Exercise: Keep the lines exact and the pictures out as you repeat the following listing.

Dataset section:

--- --- ---

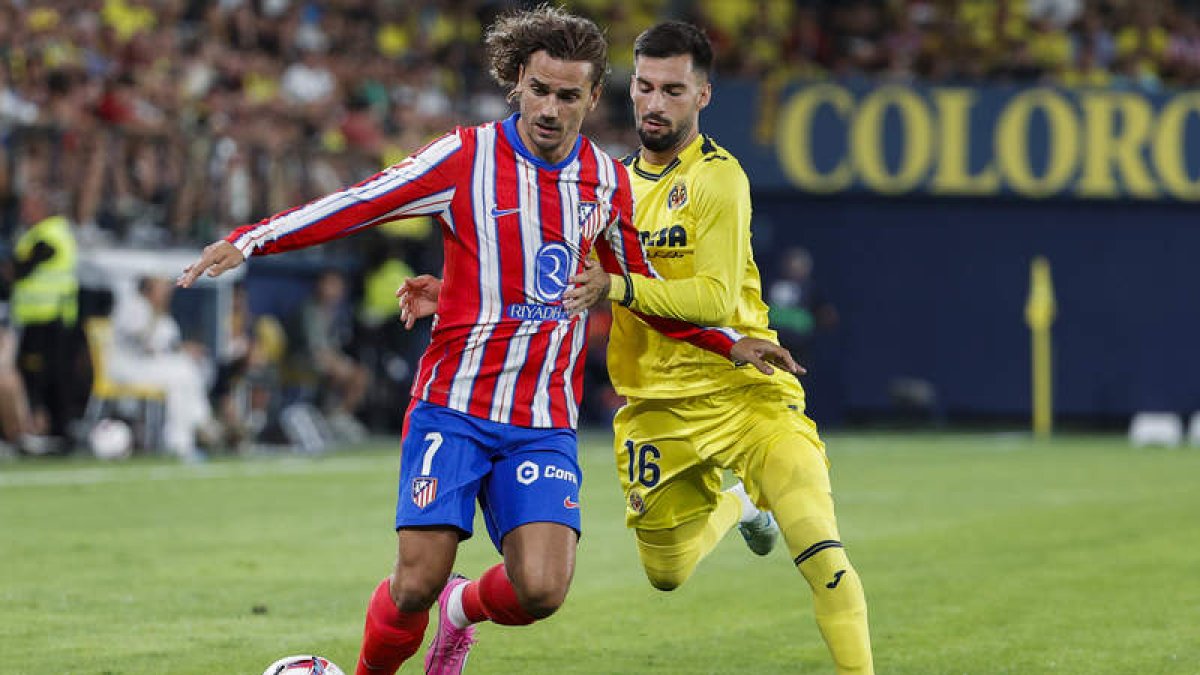 El jugador del Villarreal Álex Baena pelea por el balón con el delantero francés del Atlético de Madrid Antoine Griezmann. MANUEL BRUQUE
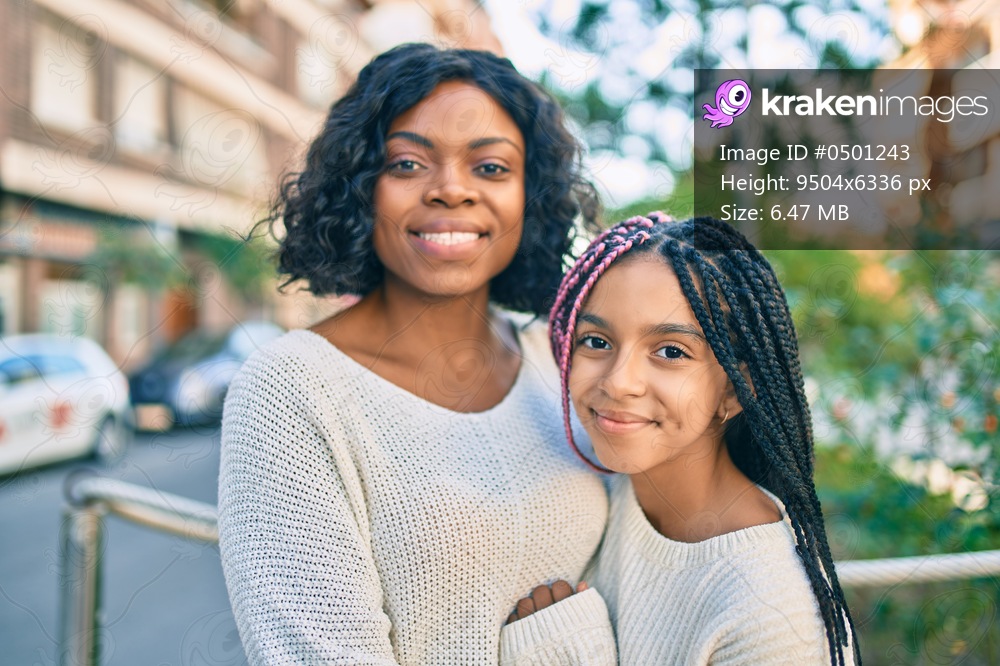 Beautiful african american mother and daughter smiling happy and hugging. Standing with smile on face standing at the city.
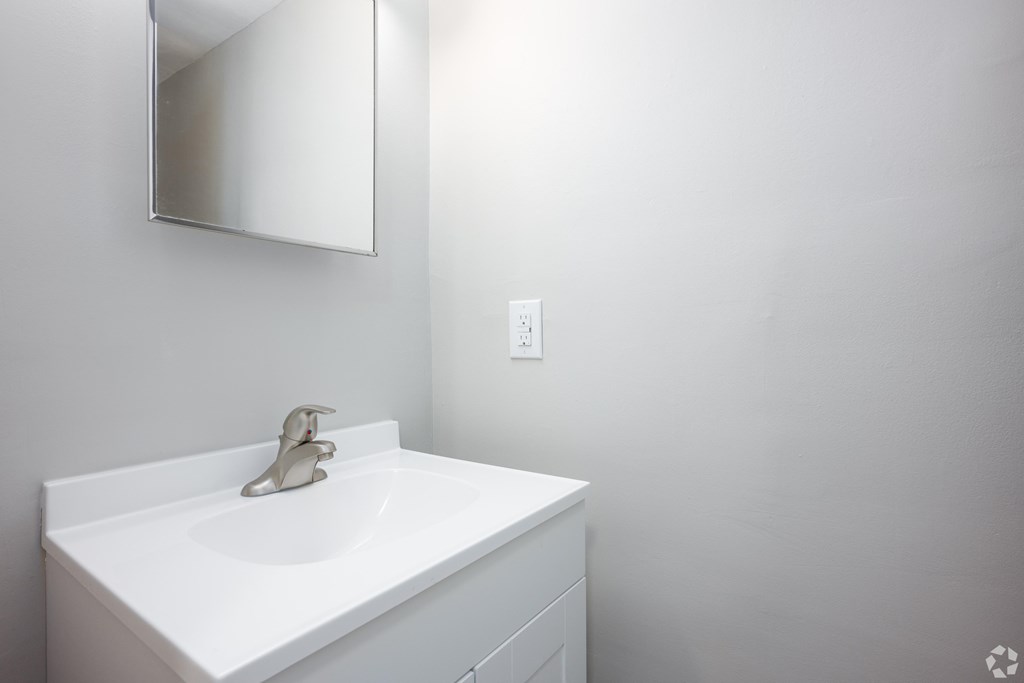 a white bathroom with a sink and a mirror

--- --- ---

Solved problem:
 El jugador del Villarreal Álex Baena pelea por el balón con el delantero francés del Atlético de Madrid Antoine Griezmann. MANUEL BRUQUE
 Beautiful african american mother and daughter smiling happy and hugging. Standing with smile on face standing at the city.
 a white bathroom with a sink and a mirror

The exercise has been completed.